**** DATASET ****

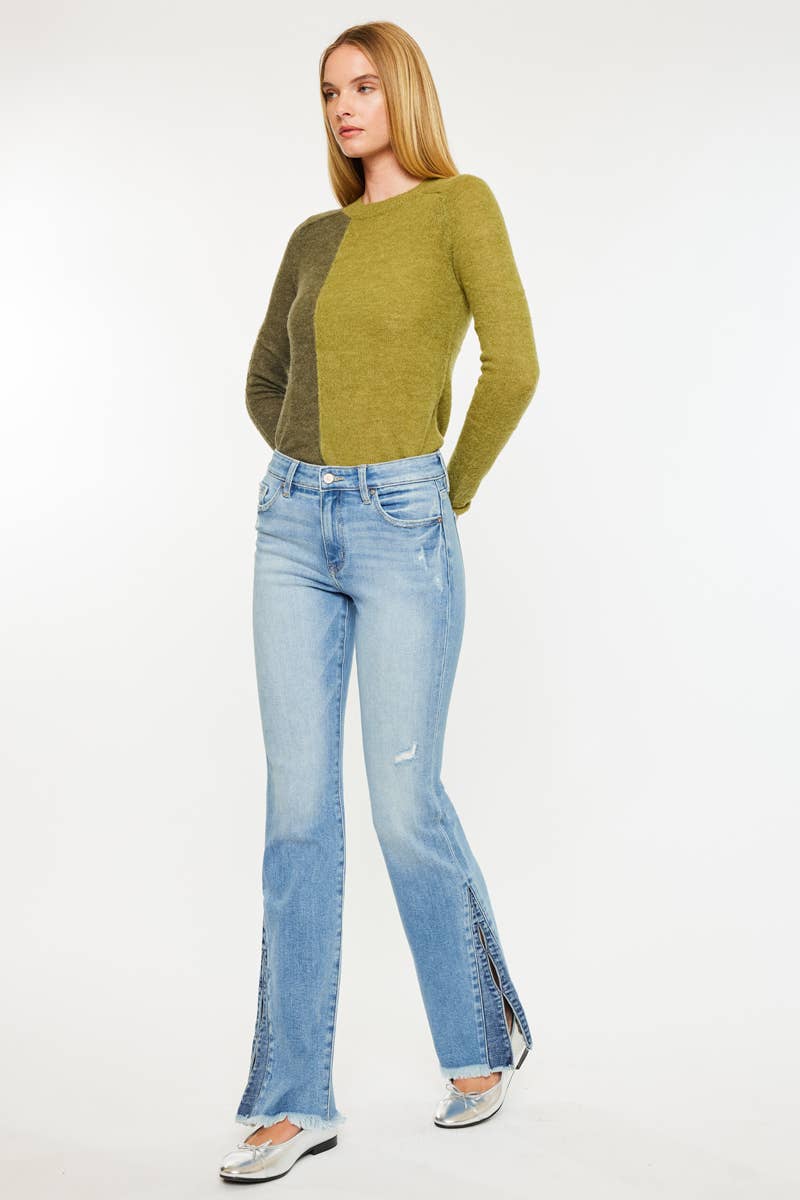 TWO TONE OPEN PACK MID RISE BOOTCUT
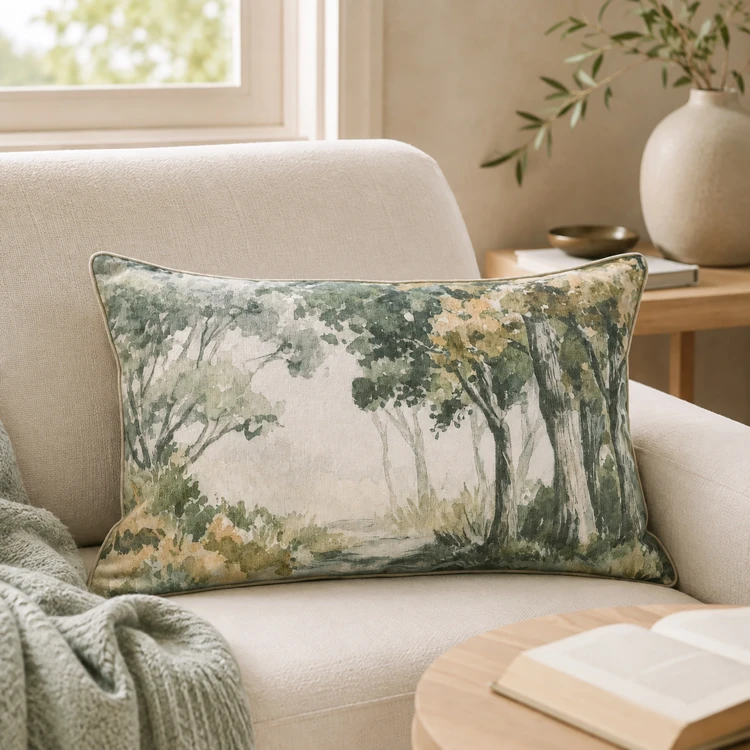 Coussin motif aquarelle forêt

****
**** DATASET ****

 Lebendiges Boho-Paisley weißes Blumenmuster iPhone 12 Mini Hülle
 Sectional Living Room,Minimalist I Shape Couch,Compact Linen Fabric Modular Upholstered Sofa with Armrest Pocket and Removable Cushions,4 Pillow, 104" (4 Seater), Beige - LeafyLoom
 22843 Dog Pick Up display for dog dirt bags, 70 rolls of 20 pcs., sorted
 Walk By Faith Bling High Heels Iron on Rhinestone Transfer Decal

****
**** DATASET ****

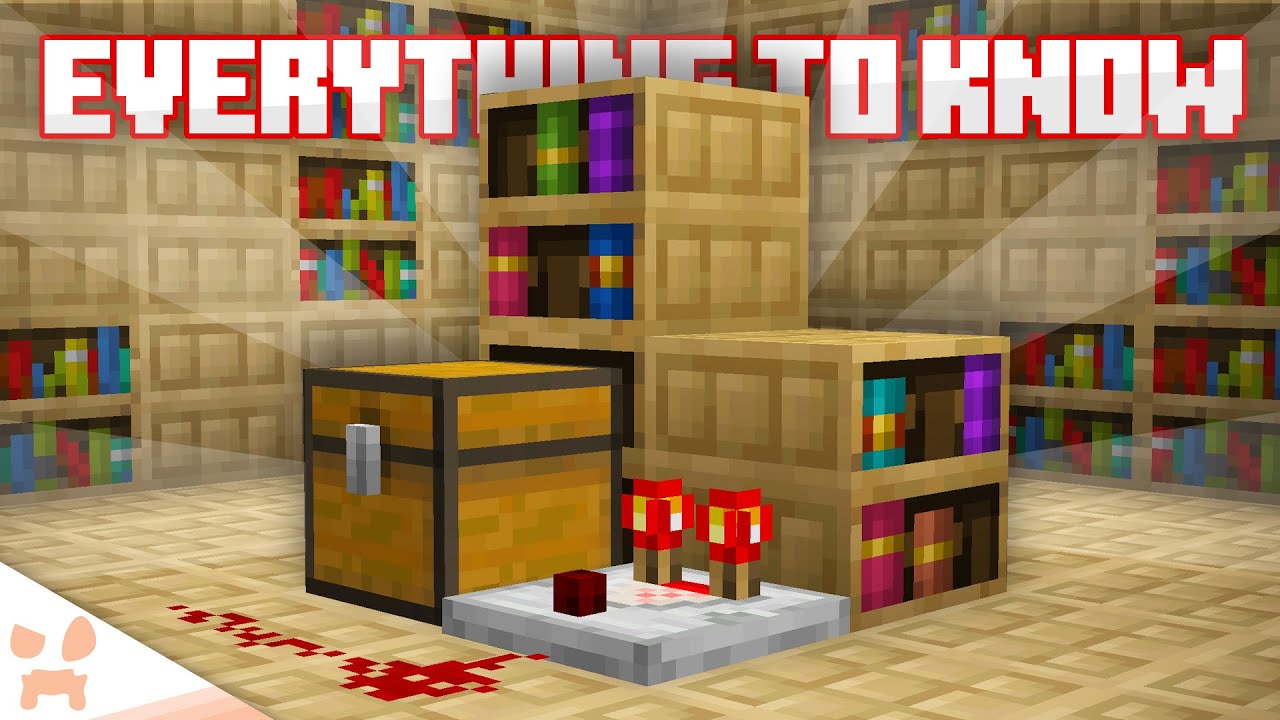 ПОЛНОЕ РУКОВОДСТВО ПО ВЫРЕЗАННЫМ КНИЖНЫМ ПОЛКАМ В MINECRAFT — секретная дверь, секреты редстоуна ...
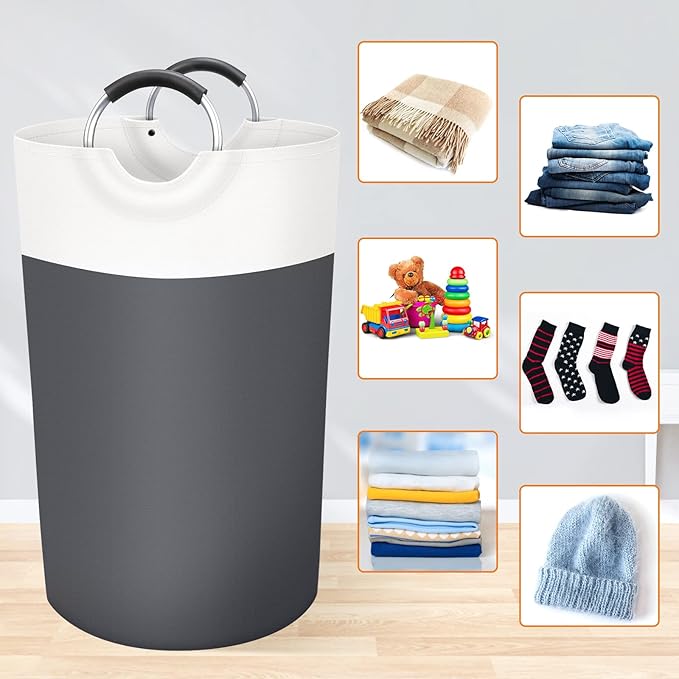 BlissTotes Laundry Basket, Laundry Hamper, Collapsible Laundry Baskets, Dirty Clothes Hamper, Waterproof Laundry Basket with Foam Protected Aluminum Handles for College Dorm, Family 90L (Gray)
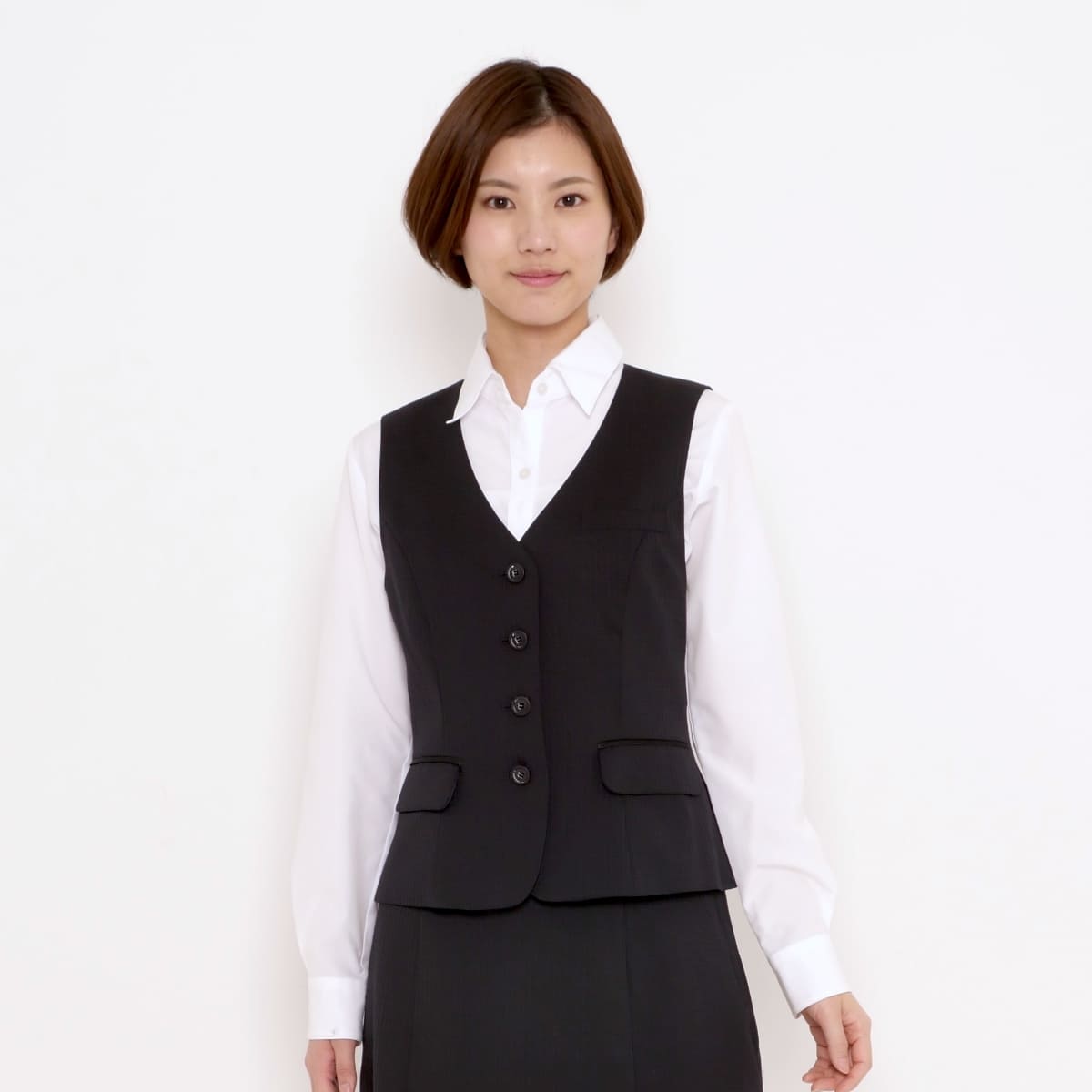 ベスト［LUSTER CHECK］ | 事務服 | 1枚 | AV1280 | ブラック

****

> [REQUIREMENT] Starting with the line that has "TWO TONE OPEN PACK MID RISE BOOTCUT" and ending with the line that has "Coussin motif aquarelle forêt", repeat the lines above exactly, omitting every picture.

> [THE COMPLETED TASK]
 TWO TONE OPEN PACK MID RISE BOOTCUT
 Coussin motif aquarelle forêt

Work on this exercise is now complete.